Eating raw fish in restaurants could be dangerous, especially oily fish, but with the correct use of a blast chiller (bringing the fresh product to -20°C for 24 hours), sushi or carpaccio can be eaten without worry. The foundations must be reliable traceability and correct procedures for “sanitizing” the fresh product (including notifying the local health authority of the correct use of the blast chiller and stating it on the menu...).

These are the findings that emerged from the conference on raw fish promoted by “Italia a Tavola” and the Consorzio cuochi e ristoratori di Lombardia, chaired by Matteo Scibilia.
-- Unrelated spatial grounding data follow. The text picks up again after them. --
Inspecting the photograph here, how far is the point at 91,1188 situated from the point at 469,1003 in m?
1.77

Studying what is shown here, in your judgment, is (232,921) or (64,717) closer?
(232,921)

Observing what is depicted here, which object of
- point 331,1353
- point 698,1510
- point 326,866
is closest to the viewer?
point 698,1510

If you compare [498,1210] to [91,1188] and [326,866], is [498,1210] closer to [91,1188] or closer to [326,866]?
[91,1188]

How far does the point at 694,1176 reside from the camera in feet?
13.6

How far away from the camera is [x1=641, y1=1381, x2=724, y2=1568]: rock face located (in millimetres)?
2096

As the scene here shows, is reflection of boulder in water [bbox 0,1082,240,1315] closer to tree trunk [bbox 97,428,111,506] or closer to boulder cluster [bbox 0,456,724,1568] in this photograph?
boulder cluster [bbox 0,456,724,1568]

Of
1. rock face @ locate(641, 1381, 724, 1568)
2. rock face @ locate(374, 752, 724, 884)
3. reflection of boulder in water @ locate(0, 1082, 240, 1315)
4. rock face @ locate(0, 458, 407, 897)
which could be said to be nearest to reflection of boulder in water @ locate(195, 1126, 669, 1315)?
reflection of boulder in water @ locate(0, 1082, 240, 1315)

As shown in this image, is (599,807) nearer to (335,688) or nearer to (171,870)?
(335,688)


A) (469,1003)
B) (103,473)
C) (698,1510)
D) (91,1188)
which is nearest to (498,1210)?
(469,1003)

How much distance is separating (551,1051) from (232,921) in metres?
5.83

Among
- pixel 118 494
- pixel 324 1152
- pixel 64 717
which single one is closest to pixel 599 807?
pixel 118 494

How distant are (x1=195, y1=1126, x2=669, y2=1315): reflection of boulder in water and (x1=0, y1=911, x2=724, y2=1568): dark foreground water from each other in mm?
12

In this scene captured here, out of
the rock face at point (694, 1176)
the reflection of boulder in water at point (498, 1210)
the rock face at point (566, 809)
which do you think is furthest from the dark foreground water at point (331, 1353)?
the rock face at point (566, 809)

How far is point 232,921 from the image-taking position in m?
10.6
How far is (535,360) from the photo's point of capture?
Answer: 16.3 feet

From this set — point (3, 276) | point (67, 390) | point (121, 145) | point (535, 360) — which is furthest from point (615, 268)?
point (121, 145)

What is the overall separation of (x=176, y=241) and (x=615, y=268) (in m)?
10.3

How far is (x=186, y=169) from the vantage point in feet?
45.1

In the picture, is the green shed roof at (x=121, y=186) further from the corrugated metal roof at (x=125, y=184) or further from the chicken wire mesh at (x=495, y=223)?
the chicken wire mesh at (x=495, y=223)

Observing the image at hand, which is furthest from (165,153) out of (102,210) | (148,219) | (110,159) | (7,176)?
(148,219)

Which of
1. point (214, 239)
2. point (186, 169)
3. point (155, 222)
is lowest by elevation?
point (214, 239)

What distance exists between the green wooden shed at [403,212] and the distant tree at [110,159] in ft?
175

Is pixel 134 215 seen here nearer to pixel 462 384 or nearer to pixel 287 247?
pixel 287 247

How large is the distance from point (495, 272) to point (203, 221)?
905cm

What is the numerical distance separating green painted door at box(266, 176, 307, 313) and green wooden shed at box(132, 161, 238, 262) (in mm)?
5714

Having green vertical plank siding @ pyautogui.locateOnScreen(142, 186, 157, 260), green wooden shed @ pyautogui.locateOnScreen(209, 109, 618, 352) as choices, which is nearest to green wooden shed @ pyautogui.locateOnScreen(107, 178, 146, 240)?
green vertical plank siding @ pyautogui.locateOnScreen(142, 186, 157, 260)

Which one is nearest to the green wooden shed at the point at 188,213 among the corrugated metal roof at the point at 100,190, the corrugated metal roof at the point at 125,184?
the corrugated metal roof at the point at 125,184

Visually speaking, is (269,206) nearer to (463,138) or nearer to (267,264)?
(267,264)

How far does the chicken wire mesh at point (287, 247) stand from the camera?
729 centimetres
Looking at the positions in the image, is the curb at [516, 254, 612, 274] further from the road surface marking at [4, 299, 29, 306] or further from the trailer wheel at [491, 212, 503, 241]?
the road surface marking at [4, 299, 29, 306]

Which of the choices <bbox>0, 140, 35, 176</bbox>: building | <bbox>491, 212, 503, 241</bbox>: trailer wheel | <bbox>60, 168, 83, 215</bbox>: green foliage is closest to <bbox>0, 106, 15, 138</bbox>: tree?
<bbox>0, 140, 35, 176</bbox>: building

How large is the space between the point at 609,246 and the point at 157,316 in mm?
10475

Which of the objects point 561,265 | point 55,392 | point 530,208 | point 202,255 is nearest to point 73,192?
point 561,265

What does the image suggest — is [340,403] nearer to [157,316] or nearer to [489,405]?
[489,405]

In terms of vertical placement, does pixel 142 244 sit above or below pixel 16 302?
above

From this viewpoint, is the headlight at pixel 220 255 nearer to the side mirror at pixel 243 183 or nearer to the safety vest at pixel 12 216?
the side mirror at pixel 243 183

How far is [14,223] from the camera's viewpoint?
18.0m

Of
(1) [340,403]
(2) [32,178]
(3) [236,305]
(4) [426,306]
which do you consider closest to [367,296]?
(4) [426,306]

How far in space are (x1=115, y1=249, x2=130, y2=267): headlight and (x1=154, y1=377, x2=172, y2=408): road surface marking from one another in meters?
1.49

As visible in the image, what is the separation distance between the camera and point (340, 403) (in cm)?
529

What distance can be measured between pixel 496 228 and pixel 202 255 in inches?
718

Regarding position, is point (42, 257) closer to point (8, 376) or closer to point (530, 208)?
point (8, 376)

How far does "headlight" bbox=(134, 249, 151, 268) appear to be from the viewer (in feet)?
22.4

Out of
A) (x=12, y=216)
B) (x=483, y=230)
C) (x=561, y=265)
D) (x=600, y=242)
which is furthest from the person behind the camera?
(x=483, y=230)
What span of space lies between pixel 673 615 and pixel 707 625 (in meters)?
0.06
The first initiative of this scale at national level, if only for the calibre of the experts who engaged with industry professionals, was held at the Capac Politecnico del Commercio in Milan (the most important training and professional development institution in the sector in Italy) to raise restaurateurs' awareness of the serious problems (ranging from financial penalties to criminal proceedings) linked to raw fish, today at the centre of a genuine emergency due to the possible presence of parasites (from Anisakis to Opisthorchis, see fact sheets) that are dangerous to humans.

This is an effort that also requires cultural growth and greater awareness on the part of consumers, towards whom the Ministry of Health or the Government should direct dedicated information campaigns to flag the risk posed by raw fish that has not been sanitized, thereby making the efforts of serious restaurateurs to tackle the emergency effective and worthwhile. The theme of responsibility was particularly emphasized by Alfredo Zini and Aldo Maria Cursano (see separate report), who highlighted Fipe's initiatives at national level to find solutions that respect both the law and the interests of serious establishments which, in any case, must do their part, also to set themselves apart from the too many improvised and at times non-compliant operators who, rightly, should be subject to closer scrutiny by the Nas. Add to this the fact that in a city like Milan 30% of the restaurant trade is run by non-EU operators with eating habits and “production methods” different from ours, and it is easy to understand why vigilance must remain high.

For his part, Bergamo native Giovanni Cacciolo, owner of Orobica Pesca, one of the most highly regarded seafood distribution companies in Italy, spoke of the management costs facing companies forced to cope with the economic slowdown, of the inadequacy of controls on improvised distributors or those lacking proper food hygiene and safety procedures, and called for an upcoming meeting with Health Minister Fazio to clarify some points that remain unclear.